WHAT IS REQUIRED >>
Write out, word for word and with no pictures, each line below from the one containing "Mens Blessie Hoodie Black Kings Will Dream-2" through the one containing "The Awakened One", both included, and no other line.

RAW DATA >>
^^^^^^^^

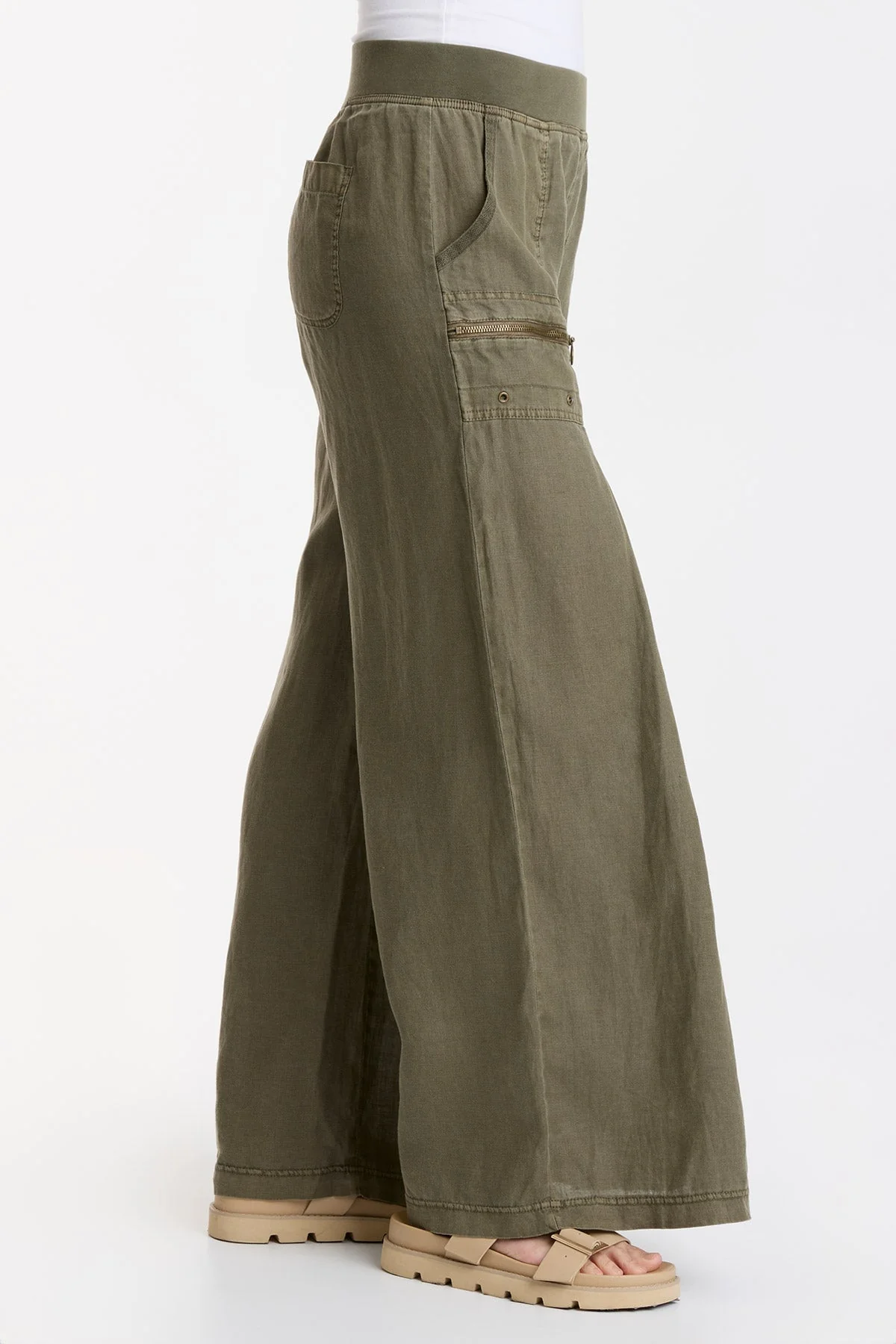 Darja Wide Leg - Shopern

^^^^^^^^

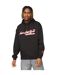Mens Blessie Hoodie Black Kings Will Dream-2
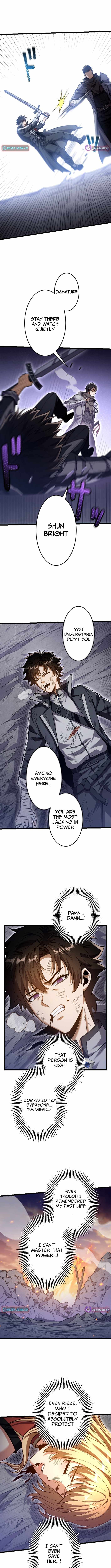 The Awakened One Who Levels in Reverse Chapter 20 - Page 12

^^^^^^^^

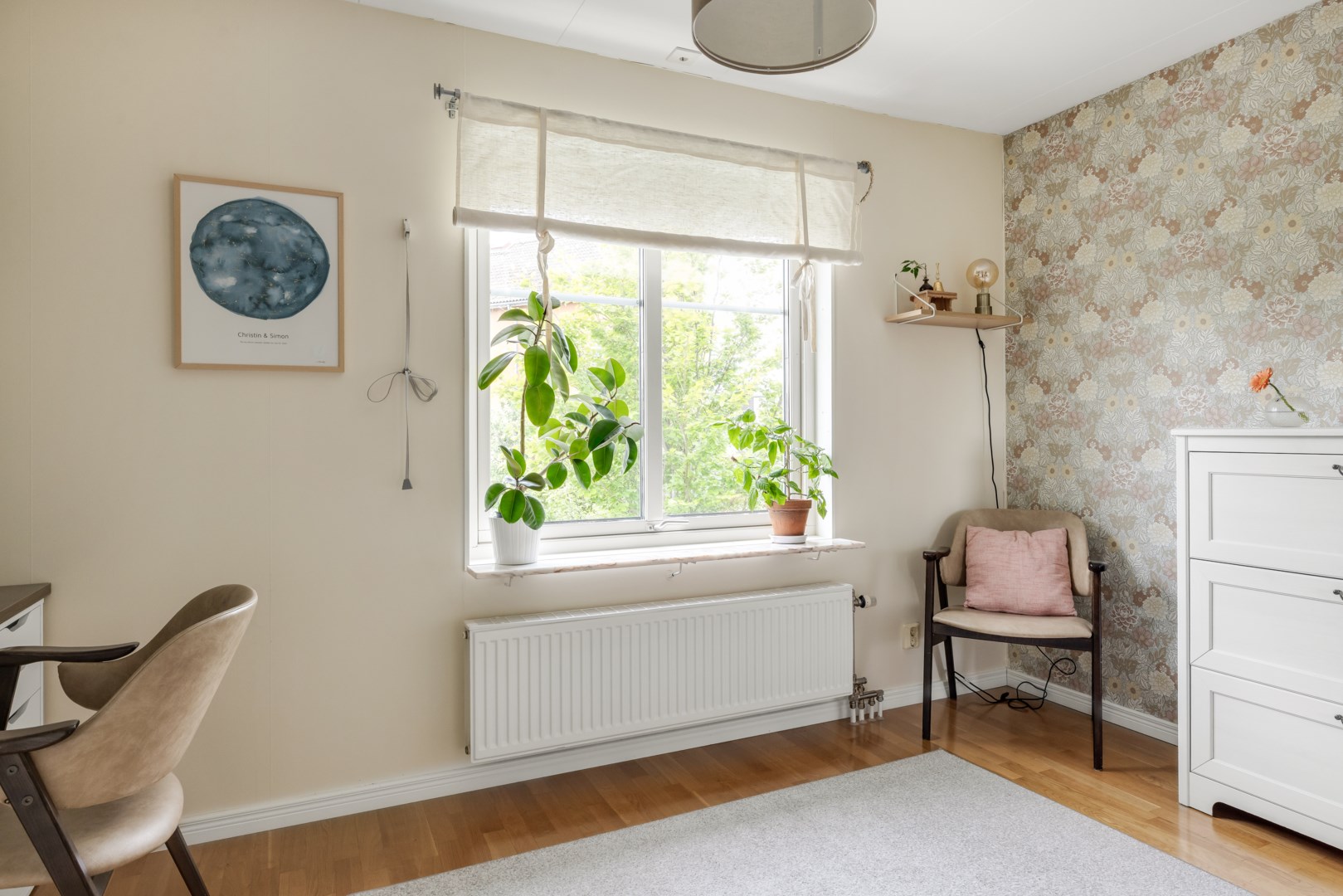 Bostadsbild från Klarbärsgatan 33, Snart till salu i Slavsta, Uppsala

^^^^^^^^

RESULT >>
Mens Blessie Hoodie Black Kings Will Dream-2
 The Awakened One Who Levels in Reverse Chapter 20 - Page 12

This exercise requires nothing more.